>>>

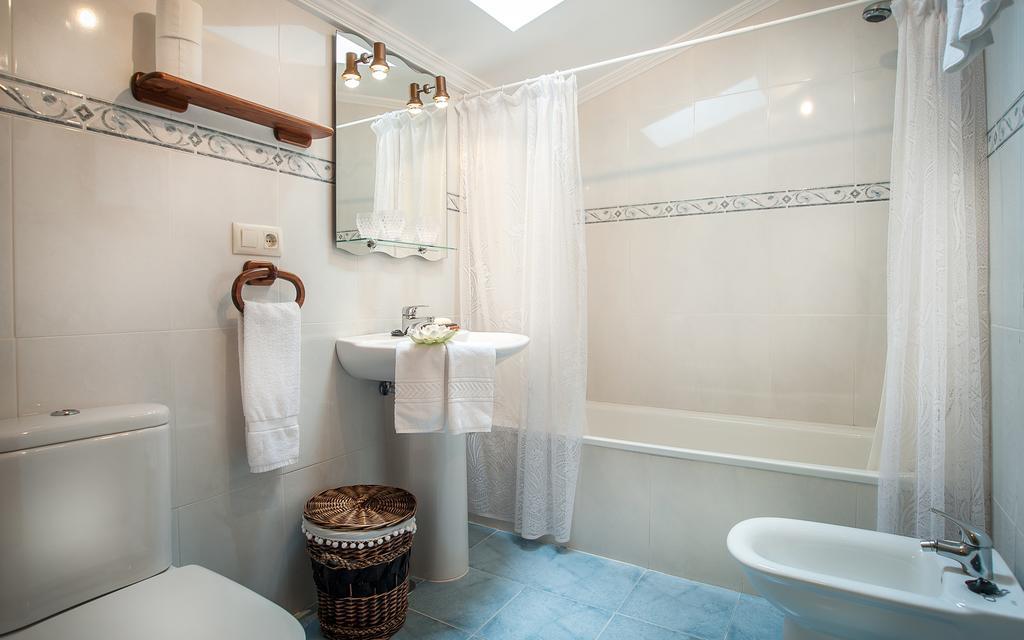 Apartamentos El Pradon De Santa Marina Parres de Llanes Kamer foto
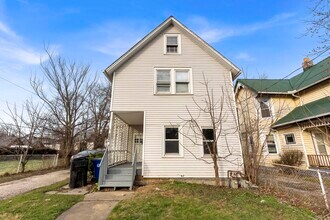 2206 Kenneth Ave, Unit Down in Cleveland, OH - Building Photo - Building Photo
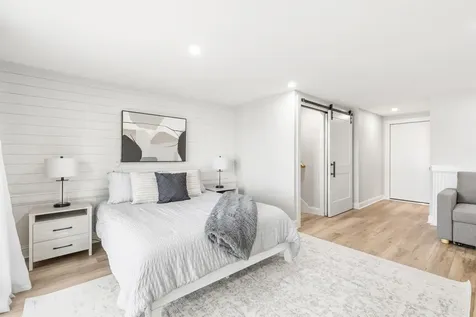 28 E Eleanor Avenue Standish ME 04084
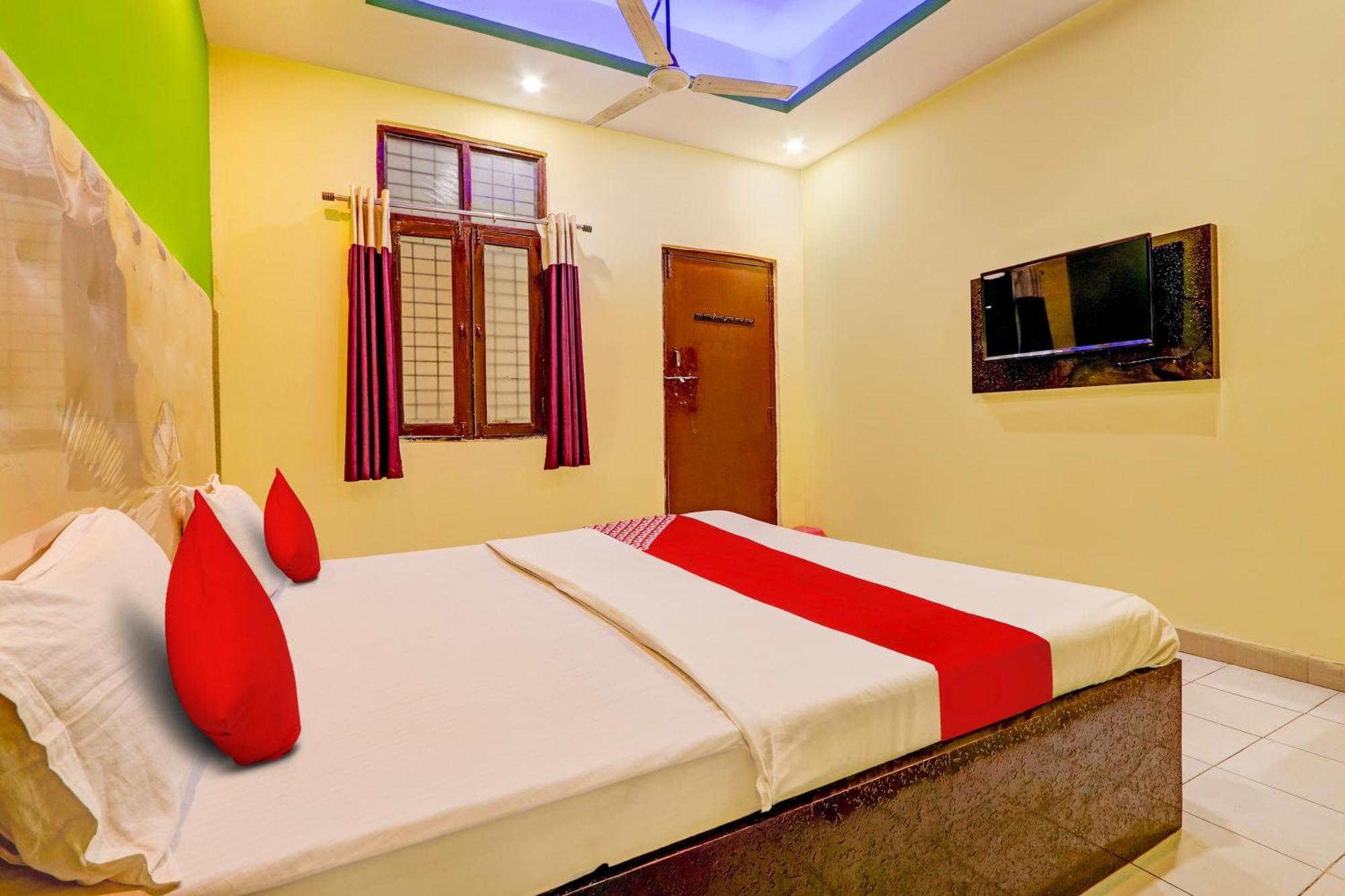 Nirmal  Oyo Flagship Hotel Samruddhi Lodge מראה חיצוני תמונה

<<<

TASK REQUIREMENTS
Pictures are skipped here. Print exactly, and only, the lines from the one holding "2206 Kenneth Ave, Unit" through the final line of the material above, both ends included.

SOLVED PROBLEM
 2206 Kenneth Ave, Unit Down in Cleveland, OH - Building Photo - Building Photo
 28 E Eleanor Avenue Standish ME 04084
 Nirmal  Oyo Flagship Hotel Samruddhi Lodge מראה חיצוני תמונה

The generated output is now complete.